FDA Approved Adjuvant Nivolumab for Melanoma

December 27, 2017

The FDA has approved nivolumab for the adjuvant treatment of melanoma; it showed superiority compared with the standard of care in this patient population.

The US Food and Drug Administration (FDA) has approved nivolumab (Opdivo) for the adjuvant treatment of patients with melanoma and involvement of lymph nodes or metastatic disease who have undergone complete resection. Nivolumab is the first programmed death 1 (PD-1) inhibitor to show superiority compared with the standard of care, ipilimumab, in this patient population.

The new indication was granted based on data from the phase III CheckMate-238 trial, which randomly assigned 906 patients to nivolumab 3 mg/kg every 2 weeks or ipilimumab 10 mg/kg every 3 weeks for 4 doses and then every 12 weeks starting at week 24. The primary endpoint was recurrence-free survival.

The trial showed that nivolumab significantly improved recurrence-free survival compared with ipilimumab in patients with stage IIIB/C or stage IV melanoma after surgery. Patients assigned nivolumab had an 18-month recurrence-free survival rate of 66.4% compared with 52.7% for ipilimumab. The median recurrence-free survival was not yet reached in either group.

Overall, treatment with nivolumab resulted in a 35% reduction in risk for disease recurrence compared with ipilimumab (hazard ratio, 0.65; 95% CI, 0.53–0.80; P < .0001). This improvement was seen across several subgroups including in patients with BRAF-mutant and BRAF wild-type disease.

In CheckMate-238, 9% of patients assigned nivolumab experienced adverse events that led to discontinuation compared with 42% of patients assigned ipilimumab. Grade 3/4 events occurred in 25% of patients assigned nivolumab compared with 55% of patients assigned ipilimumab.

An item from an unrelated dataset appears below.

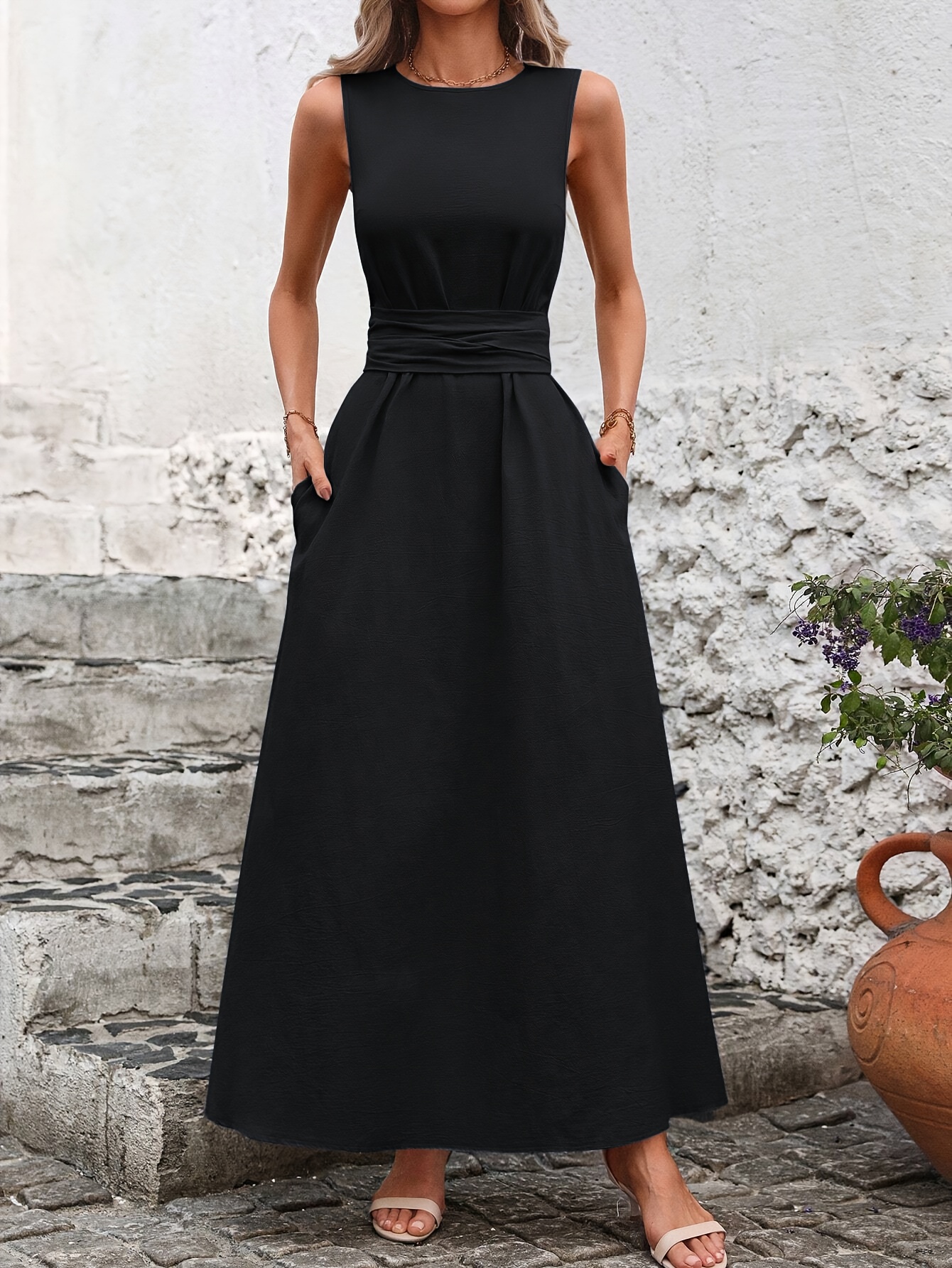 womens solid color round neck sleeveless loose fit casual - Temu Switzerland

Based on data from the CheckMate -238 trial, the National Comprehensive Cancer Network recently added nivolumab to its treatment guidelines for completely resected stage IIIB/C melanoma and completely resected stage III melanoma with clinical satellite or in-transit metastases.

“Immuno-Oncology has transformed the treatment of metastatic melanoma and many other cancers over the last decade, and we are now extending the use of novel agents to help prevent the recurrence of melanoma,” said Jeffrey S. Weber, MD, PhD, deputy director of the Laura and Isaac Perlmutter Cancer Center at New York University Langone Health and professor of medicine at NYU School of Medicine, in a press release.

“When melanoma has been removed surgically, physicians and patients alike sometimes struggle with the idea of further adjuvant treatment because the disease is no longer detectable, even though it may be likely to return,” he explained. “We recognized a need to develop new adjuvant treatments with lower toxicity compared to ipilimumab to help address this challenge. With its impressive efficacy and broad applicability within stage III and IV melanoma, nivolumab has the potential to become the next standard of care in preventing recurrence of melanoma following surgical resection.”